Assigned task: Using the records below, quote only the span that opens with the line containing "FuturePlusX inflatable snakes" and closes with the line containing "Allison Cole Braddock", exactly and inclusively.

Available records:

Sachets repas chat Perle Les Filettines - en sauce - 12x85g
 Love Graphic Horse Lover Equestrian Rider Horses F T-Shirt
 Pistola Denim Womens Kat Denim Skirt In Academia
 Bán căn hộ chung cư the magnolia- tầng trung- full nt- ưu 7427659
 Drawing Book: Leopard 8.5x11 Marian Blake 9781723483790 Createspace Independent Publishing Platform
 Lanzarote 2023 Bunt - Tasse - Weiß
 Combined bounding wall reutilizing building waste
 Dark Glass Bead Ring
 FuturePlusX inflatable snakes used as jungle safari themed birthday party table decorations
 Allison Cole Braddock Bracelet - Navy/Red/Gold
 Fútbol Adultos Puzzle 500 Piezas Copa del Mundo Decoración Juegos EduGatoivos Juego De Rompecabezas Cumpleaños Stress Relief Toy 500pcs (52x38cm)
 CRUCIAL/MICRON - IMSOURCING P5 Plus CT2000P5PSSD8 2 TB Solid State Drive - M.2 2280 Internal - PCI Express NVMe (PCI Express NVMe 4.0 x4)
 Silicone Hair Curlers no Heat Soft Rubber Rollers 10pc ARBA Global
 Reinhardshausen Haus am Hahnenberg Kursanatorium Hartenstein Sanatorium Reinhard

Answer area:
 FuturePlusX inflatable snakes used as jungle safari themed birthday party table decorations
 Allison Cole Braddock Bracelet - Navy/Red/Gold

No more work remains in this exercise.